Heupel’s offense has changed over the years, using more condensed formations and slowing the tempo in 2025, but the leading narrative is still that Tennessee is an up-tempo offense with wide splits that create advantages that don’t translate to the next level.

ESPN’s Field Yates, for example, recently questioned Tennessee’s offense while discussing Vols wide receiver Chris Brazzell’s outlook for the 2026 NFL Draft.

“You just watch Tennessee tape, and he pops,” said Yates of Brazzell. “He can find ways to generate some separation at the top of his routes. It’s pretty much all on the perimeter. And Tennessee, to their success and credit during the college seasons — not as much during the pro development stage — has had a few of these guys come out as super long, fast, twitchy, athletic perimeter receivers that, at least to this point, haven’t really panned out that much at the NFL level.

“So I do think that will be part of the conversation (with Brazzell). A lot of the route tree at Tennessee is run far, run fast, run straight. Or run far, fast, straight, and then come back to the football. Guys like Cedric Tillman and Jalin Hyatt a few years ago. Remember, they were the talk of the town during that breakout year for Tennessee, and they have not become, at least to this point, super consistent contributors for their respective teams. I think Tillman more so for the Browns than Hyatt. But it’s a little bit of swimming upstream here for Chris Brazzell. I think day two, maybe round three, or late round two for me, with this incredibly gifted athlete.”

Fox Sports college football analyst Joel Klatt is another talking head that’s recently questioned Tennessee’s offense.

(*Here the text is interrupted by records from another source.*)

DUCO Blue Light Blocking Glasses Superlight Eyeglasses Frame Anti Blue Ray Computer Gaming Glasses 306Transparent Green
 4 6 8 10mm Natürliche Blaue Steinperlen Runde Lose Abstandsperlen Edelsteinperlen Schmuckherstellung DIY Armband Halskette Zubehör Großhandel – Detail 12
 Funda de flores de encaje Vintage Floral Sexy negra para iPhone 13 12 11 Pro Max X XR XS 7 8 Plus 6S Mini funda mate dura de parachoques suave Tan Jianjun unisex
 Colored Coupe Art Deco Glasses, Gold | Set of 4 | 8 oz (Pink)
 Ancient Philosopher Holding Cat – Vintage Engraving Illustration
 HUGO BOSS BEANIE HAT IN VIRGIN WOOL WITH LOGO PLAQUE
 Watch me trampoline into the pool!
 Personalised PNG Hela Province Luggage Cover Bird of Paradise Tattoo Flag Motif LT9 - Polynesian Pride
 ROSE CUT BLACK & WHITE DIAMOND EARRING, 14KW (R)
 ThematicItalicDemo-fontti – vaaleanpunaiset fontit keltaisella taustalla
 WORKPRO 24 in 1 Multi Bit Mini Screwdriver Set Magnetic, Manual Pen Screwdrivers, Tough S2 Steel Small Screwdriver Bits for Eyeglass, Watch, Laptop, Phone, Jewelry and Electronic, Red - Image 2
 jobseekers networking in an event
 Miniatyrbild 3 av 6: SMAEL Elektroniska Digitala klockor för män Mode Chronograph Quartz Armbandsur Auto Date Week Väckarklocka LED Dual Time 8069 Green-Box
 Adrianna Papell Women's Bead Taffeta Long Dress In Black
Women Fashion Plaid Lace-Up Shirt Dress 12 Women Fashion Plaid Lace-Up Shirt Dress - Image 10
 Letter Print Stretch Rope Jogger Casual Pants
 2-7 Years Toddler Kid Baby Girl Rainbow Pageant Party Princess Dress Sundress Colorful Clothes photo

“They (Tennessee) run an old Big 12 Art Briles style of offense that doesn’t compete at the top level,” said Klatt last fall. “It doesn’t win championships, it doesn’t beat quality opponents…Tennessee refuses to allow their team to work as a complementary unit. They just want to go score 50 points and everything else be damned, and you get beat because of it.”

Tennessee’s “new offense” under Josh Heupel shouldn’t have question marks

Tennessee’s offense evolved significantly in 2025. The Volunteers didn’t go up-tempo nearly as often, used more condensed formations, and lined up wide receivers inside the numbers more often than in previous seasons.

“The old offense had questions, the new offense has more NFL traits to it,” explained VolQuest’s Austin Price Tuesday on 104.5 The Zone’s Ramon and Will. “They rehauled and did everything different after two years ago. So, this past year, it’s why the route concepts, the route trees, the route combinations, all the things they do, had much more of an NFL twist to it.

“Before, Bru McCoy lines up at wide out and is split almost to the out of bounds line. And then stays in that same spot the whole game. Now, they move around. And so Brazzell was split out wide right, split out wide left, in the slot, in the slot left. The routes were different. And so I think the people that want to continue to recruit against Josh Heupel want to make that claim that it’s same offense, but it’s not. And they’ll be the first to tell you that. What Dont’e Thornton ran, or what Bru McCoy ran, and what Chris Brazzell ran this past year, are two totally different offenses.”

The only way to bust this narrative for good, outside of winning a national championship, is if a player like Brazzell becomes a star in the NFL.